--- INPUT DATA Enclosed Below ---

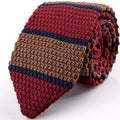 Korean Version Of British Retro Fashion Wool Hand-made Tide Sharp-pointed Necktie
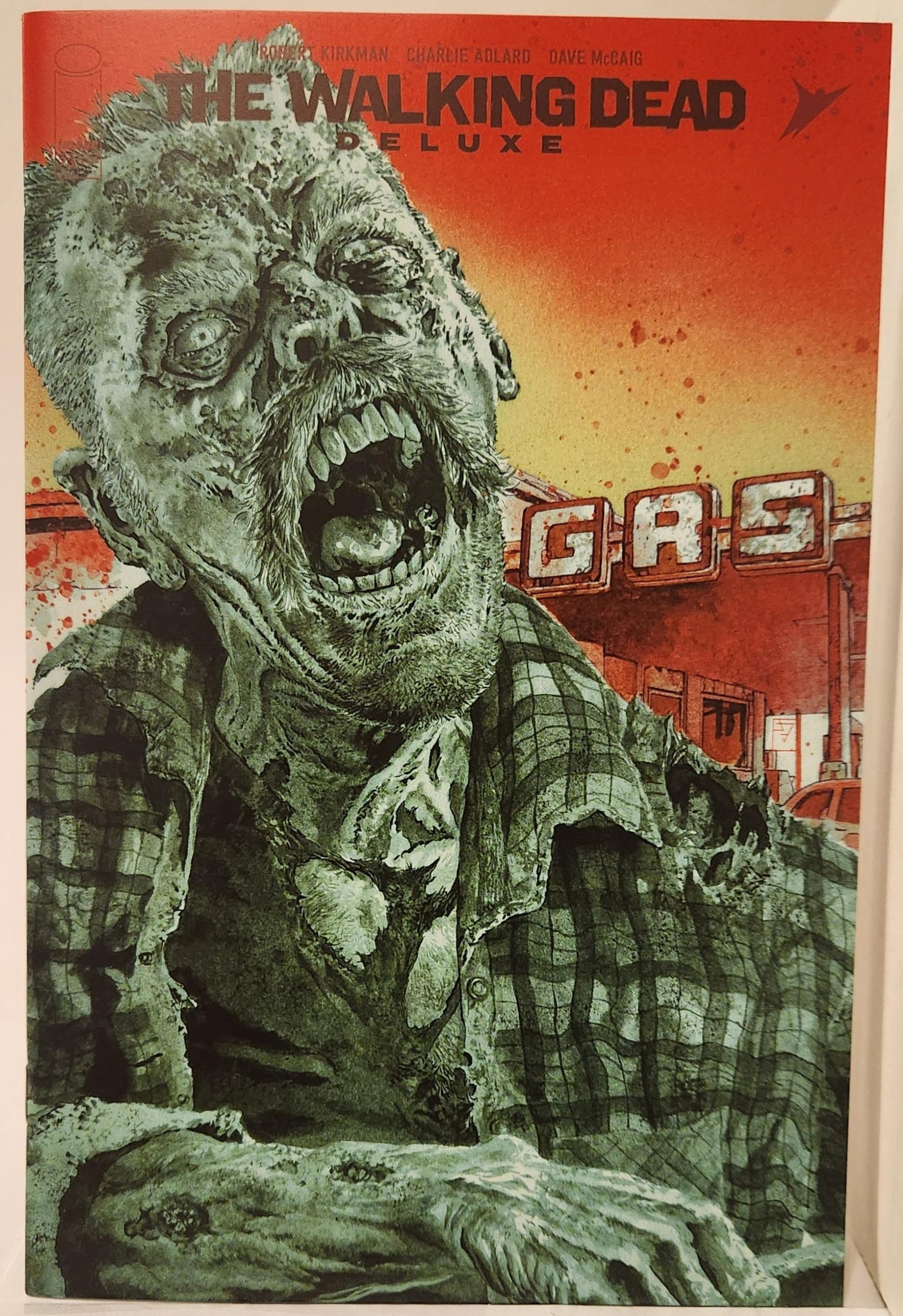 Walking Dead Deluxe Issue #073 (Williams III)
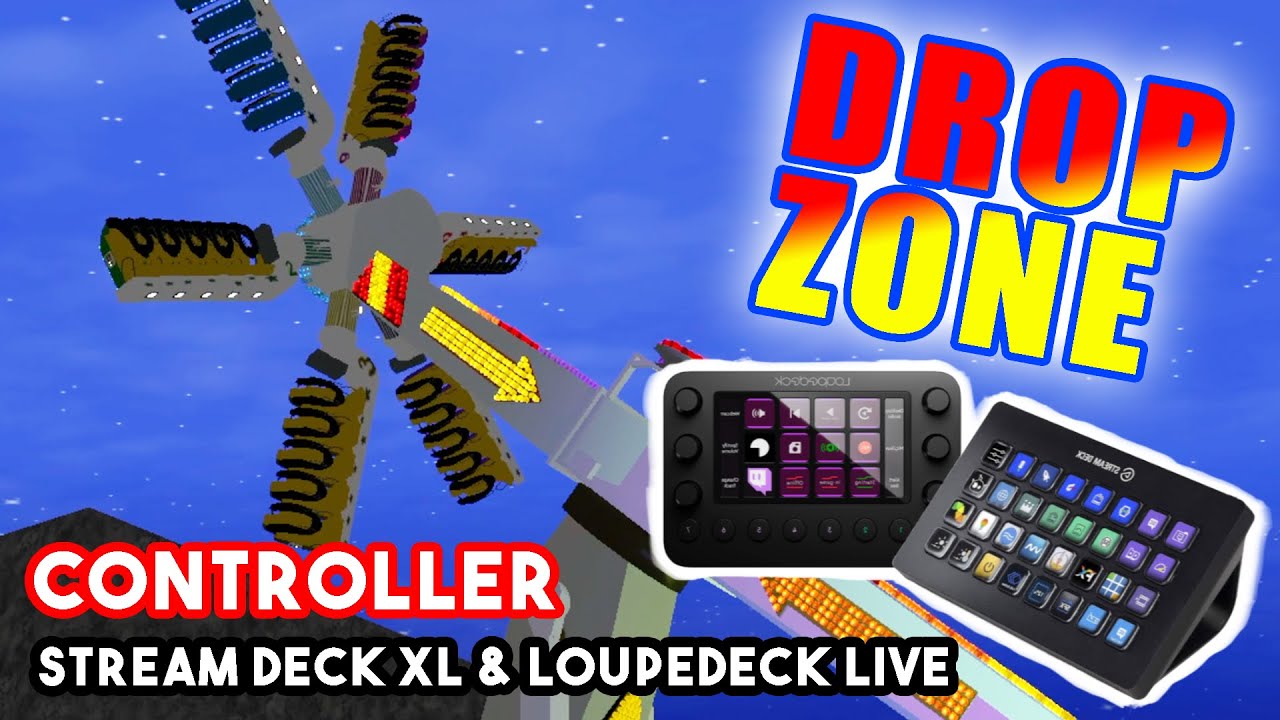 Kirmes simulator - Drop zone - Operator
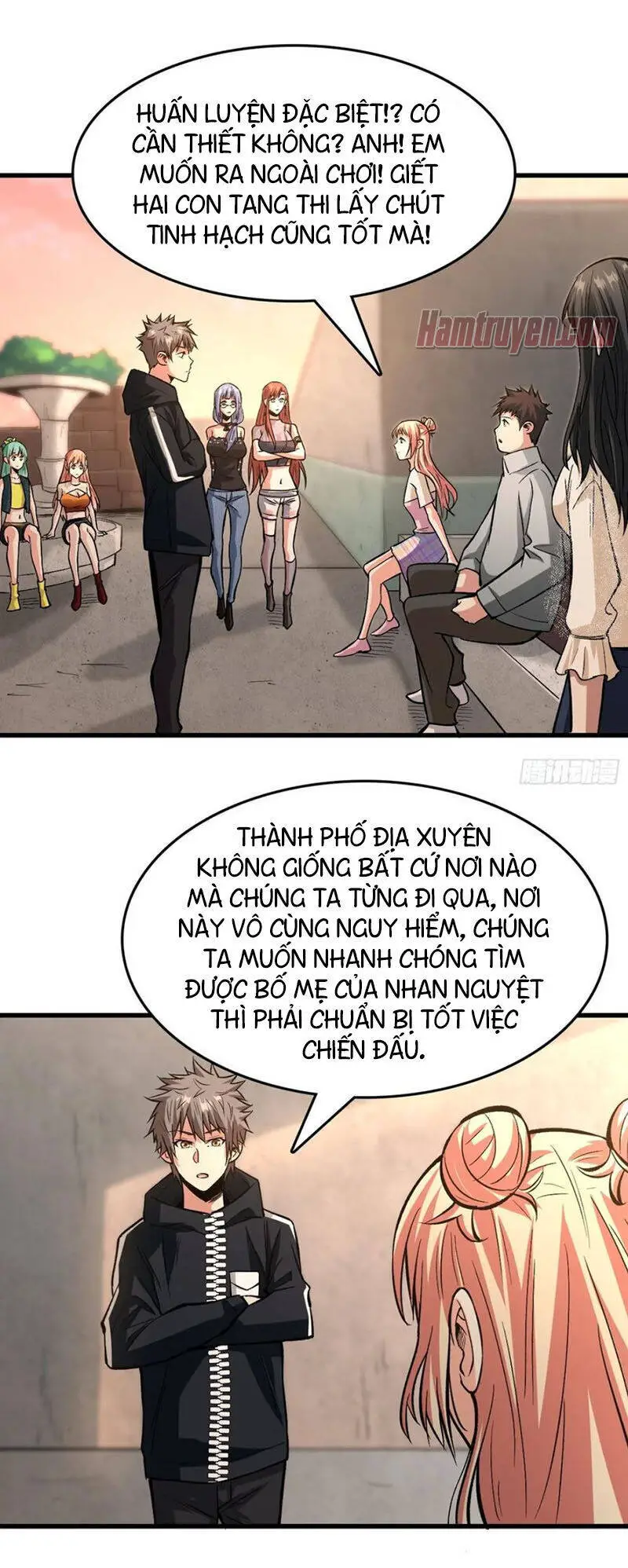 Trở Về Làm Đại Lão Thời Mạt Thế Nettruyen ZZZ Chương 47 Page 25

--- End of Enclosed INPUT DATA ---

> _WHAT IS NEEDED_: Retype precisely, and only, the lines from the one holding "Kirmes simulator - Drop zone - Operator" through the final line of the data above, with the pictures omitted.

> _TASK OUTPUT_:
 Kirmes simulator - Drop zone - Operator
 Trở Về Làm Đại Lão Thời Mạt Thế Nettruyen ZZZ Chương 47 Page 25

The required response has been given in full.